The kingdom of heaven is like treasure hidden in a field. When a man found it, he hid it again, and then in his joy went and sold all he had and bought that field.
“Again, the kingdom of heaven is like a merchant looking for fine pearls. When he found one of great value, he went away and sold everything he had and bought it.
To develop a different understanding of this passage and more coherent view of the parables, we would first need to understand the context. This is how Jesus decoded the Parable of the Weeds just before He told these other parables:
Then he left the crowd and went into the house. His disciples came to him and said, “Explain to us the parable of the weeds in the field.”
He answered, “The one who sowed the good seed is the Son of Man. The field is the world, and the good seed stands for the people of the kingdom. The weeds are the people of the evil one and the enemy who sows them is the devil. The harvest is the end of the age, and the harvesters are angels.
If we applied this to the Parable of the Hidden Treasure, it flips the whole meaning of the parable on its head. Christ is the active finder – not us. The field is the world – not an undetermined environment or object. The joy belongs to Christ – not us. The price of attaining this treasure is made by Christ. Two verses come to mind that ties this together:
For the joy set before him he endured the cross, scorning its shame, and sat down at the right hand of the throne of God.
You were bought at a price;
1 Corinthians 6:20; 7:23a
The price of purchase was Jesus Himself, “enduring the cross, scorning its shame”, but He did so for joy! The picture this parable paints of salvation stands Christ, not in ourselves or what we have to give (since we have nothing to give). The question still remains as to who is the treasure and why was it hidden when it was found. The bible gives us clues.
There are four ways treasure is viewed in the bible: as earthly riches such as gold and silver (Daniel 11:43; Matthew 2:11), as intangible things that are precious such as wisdom or the gospel (2 Corinthians 4:7; Colossians 2:3), as heavenly riches (Matthew 6:19-21; 19:20; 1 Timothy 6:19) or Israel (Exodus 19:5-6; Deuteronomy 7:6; Psalm 135:4). The only one that would have any meaning here is that God’s treasure is Israel. God’s hiding of Israel would literally have to be a hiding – something that covers Israel to ensure that it is not found. Something like Israel’s captivity!

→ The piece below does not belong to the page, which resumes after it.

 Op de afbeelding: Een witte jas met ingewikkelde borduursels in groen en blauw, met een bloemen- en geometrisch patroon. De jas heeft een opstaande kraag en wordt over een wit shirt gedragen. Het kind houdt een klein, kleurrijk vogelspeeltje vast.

Israel ceased to exist as a state under Babylonian rule, Hellenistic rule and Romans rule. In fact, their reputation as a nation was far from being a treasure. They were indeed hidden. Thus, the “un-hiding” or purchase of Israel wasn’t in a political move to establish the Jewish state again, but in a spiritual reclamation and reconciliation back to God through Christ (and not just for the Jews, but for the whole world).
This parable is turned on its head and we see not just how precious God is to us, but how precious we are to God! This is our God, who joyfully pays the price for redemption and reconciliation. Even for a nation as unfaithful as Israel, He paid the full price by sending His own Son to death on the cross. There truly is no limit to God’s mercy and grace!